Jumlah pengungsi Palestina yang terdaftar di Lembaga Batuan PBB untuk Pengungsi Palestina (UNRWA) pada tahun 1999 di Lebanon mencapai 370.133 jiwa. Berdasarkan pertumbuhan alami warga Palestina, maka jumlah mereka pada tahun 2001 adalah 395.742 jiwa dan pada tahun 2002 mencapai 409.197 jiwa. Pada tahun-tahun terakhir terjadi peningkatan jumlah pengungsi Palestina di Lebanon yang hijrah ke Eropa Barat, terutama ke negara-negara Skandinavia, Kanada dan Australia setelah negara-negara ini memberi kemudahan bagi mereka untuk hijrah dengan tujuan pembauran mereka dan demi penempatan (pemukiman) mereka.
Orang-orang Palestina di Lebanon saat ini tinggal di 12 kamp pengungsi resmi, ditambah keberadaan mereka yang tinggal di komunitas-komunitas yang tidak didata secara resmi oleh UNRWA, atau di kota-kota dan desa-desa di berbagai wilayah Lebanon. Sebanyak 54,4% pengungsi Palestina yang terdaftar di UNRWA tinggal di kamp-kamp pengungsi. Kamp-kamp ini adalah kamp pengungsi Rasyidiya, al Burju asy Syimali, al Bash di daerah as Shuwar, Ain Halwa, al Miya wa Miya di daerah Shaida. Sedang di daerah Beirut dan al Jabal adalah kamp pengungsi Burjul Barajina, Shatila, Mar Ilyas, Wadhbiya, Waifal (al Jalil) dan di daerah utara al Badawi dan Nahrul Barid.
Kamp terbesar dari kamp-kamp ini adalah kamp pengungsi Ain Halwa yang ditempati sekitar 80 ribu pengungsi yang disusul kamp pengungsi Nahrul Barid sekitar 30 ribu pengungsi.143
Kondisi di Suriah berbeda dengan di Yordania dan Lebanon. Pemerintah Suriah mengizinkan para pengungsi Palestina di negara tersebut dengan mendapatkan semua hak kewarganegaraan biasa (seperti warga Suriah lainnya), kecuali hak-hak politik. Mereka juga tidak diberi kewarganegaraan Suriah, tapi cukup diberi dokumen bepergian (semacam passport). Orang-orang Palestina di Suriah mempunyai hak bekerja dan kepemilikan serta wajib militer. Secara umum mereka hidup dalam kondisi yang tidak berbeda dengan orang-orang Suriah pada umumnya.

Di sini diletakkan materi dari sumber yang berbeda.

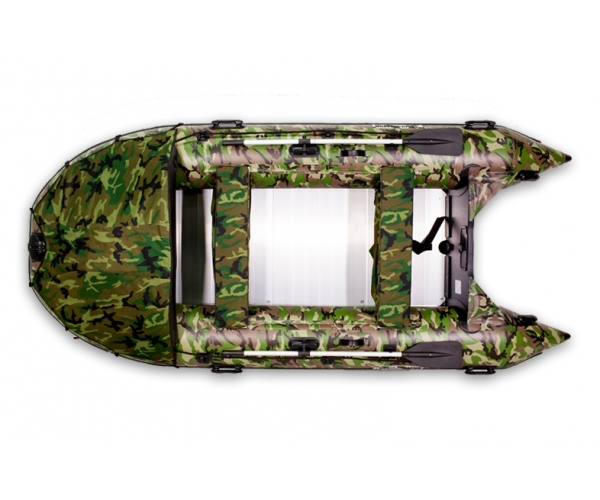 Gladiator D 470 AL КМФ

Meski hubungan pemerintah Suriah dengan PLO dan faksi-fraksinya tidak menentu (diliputi keragu-raguan), terjadi pasang surut pada masa-masa lalu, namun pemerintah Suriah khususnya di bawah pemerintahan Hafidz al Asad dan Hizbul Ba’ats tetap memegang kendali berbagai urusan (para pengungsi), tidak membiarkan kamp-kamp pengungsi di Suriah lepas dari kekuasaannya. Demikian juga kerja perjuangan Palestina lewat perbatasan Suriah terhadap entitas Zionis Israel menjadi referensi utama yang mendapat perhatian dan restu dari pemerintah Suriah untuk itu.
Di Suriah sendiri ada 10 kamp resmi untuk pengungsi Palestina. Yaitu Khan Syaikh, Dzu Nun, Sabina, Handarat, Jurmana, Nairab, kamp al Aidin (Himsh), kamp al Aidin (Hima), kamp al Aidin (Dar’a) dank amp al Aidin (al Ladziqia).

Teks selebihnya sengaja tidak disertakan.